Walkthrough on PCA through the command line
PCA computations through the command line are governed through PCA workflow objects. We describe here how to create and handle them:
Creation of a synthetic data set
dtutorial ttest128 -M 64 -N 64 -linear_tags 1 -tight 1
This generates a set of 128 particles where 64 are slightly closer than the other 64. The particle subtomogram are randomly oriented, but the alignment parameters are known.
Creation of a workflow
Input elements
The input of a PCA workflow are:
- a set of particles (called data container in this article)
- a table that expreses the alignment
- a mask that indicates the area of each alignment particle that will be taken into account during the classification procedure.
Data
dataFolder = 'ttest128/data';
Table
tableFile = 'ttest128/real.tbl';
Mask
We create a cylindrical mask with the dimensions of the particles (40 pixels) mask = dcylinder([20,20],40);
Syntax
We decide a name for the workflow itself, for instance
name = 'classtest128';
Now we are ready to create the workflow:
wb = dpkpca.new(name,'t',tableFile,'d',dataFolder,'m',mask);
This creates an workflow object (arbitrarily called wb in the workspace during the current session). It also creates a folder called classtest128.PCA where results will be stored as they are produced.
Mathematical parameters
The main parameters that can be chosen in this area are:
- bandpass
- symmetry
- binning level (to accelerate the computations)
Computational parameters
The main burden of the PCA computation is the creation of the cross correlation matrix.
Computing device
PCA computations can be run on GPUs of on CPUs, in both cases in parallel.
Size of parallel blocks
The
Running
In this workflow we run the steps one by one to discuss them. In real workflows, you can use the run methods to just launch all steps sequentially.
Prealigning
wb.steps.items.prealign.compute();
Correlation matrix
All pairs of correlations are computed in blocks, as described above
wb.steps.items.ccmatrix.compute();
Eigentable
The correlation matrix is diagonalised.
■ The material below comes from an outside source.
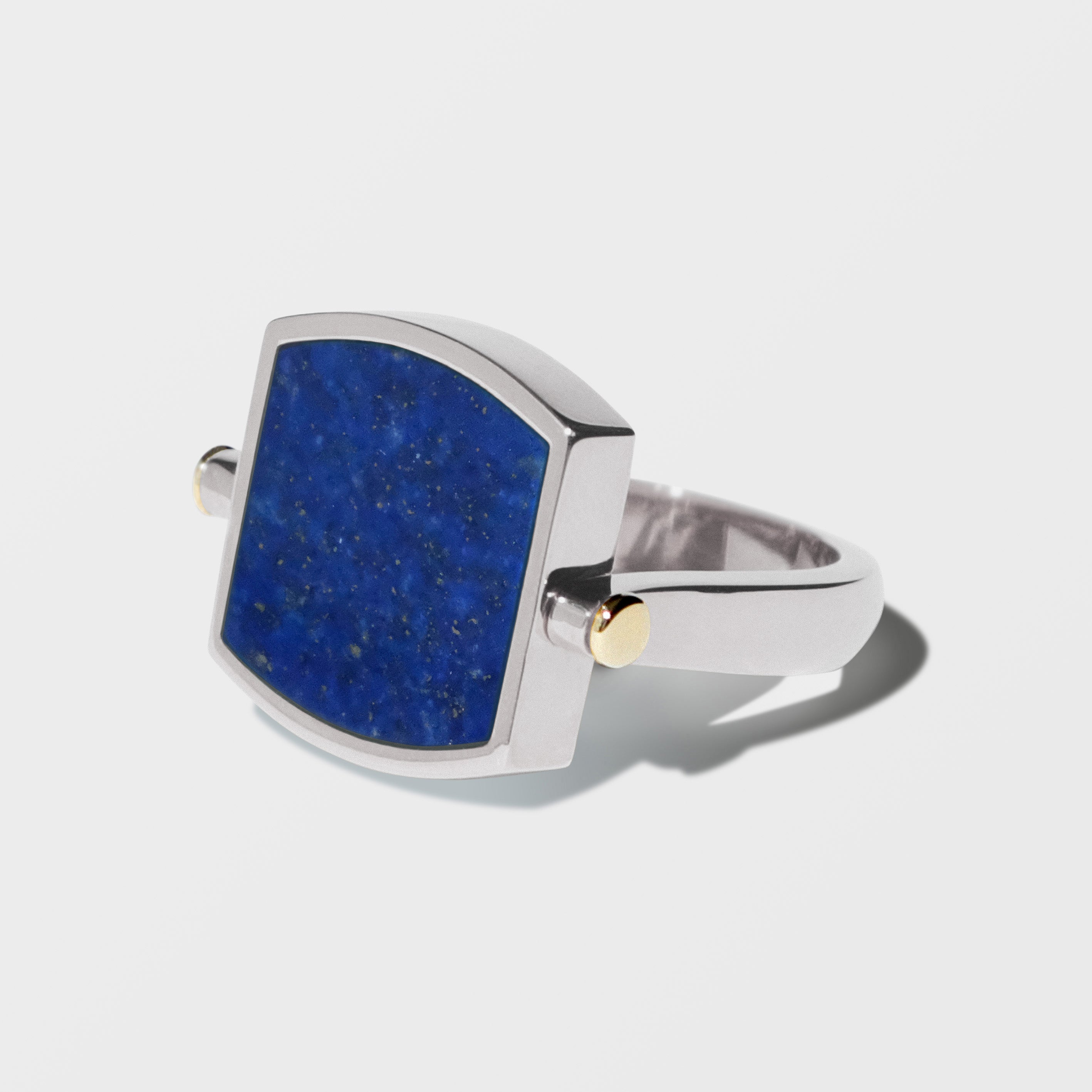 SILVER/GOLD LOZENGE LAPIS LAZULI SWIVEL RING – Ferian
The eigenvectors are used to expressed as the particles as combinations of weights.
wb.steps.items.eigentable.compute();
These weights are ordered in descending order relative to their impact on the variance of the set, ideally a particle should be represented by its few components on this basis. The weights are stored in a regular Dynamo table. First eigencomponent of a particle goes into column 41.
Eigenvolumes
The eigenvectors are expressed as three=dimensional volumes.
wb.steps.items.eigenvolumes.compute();
TSNE reduction
TSNE remaps the particles into 2D maps which can be visualised and operated interactively.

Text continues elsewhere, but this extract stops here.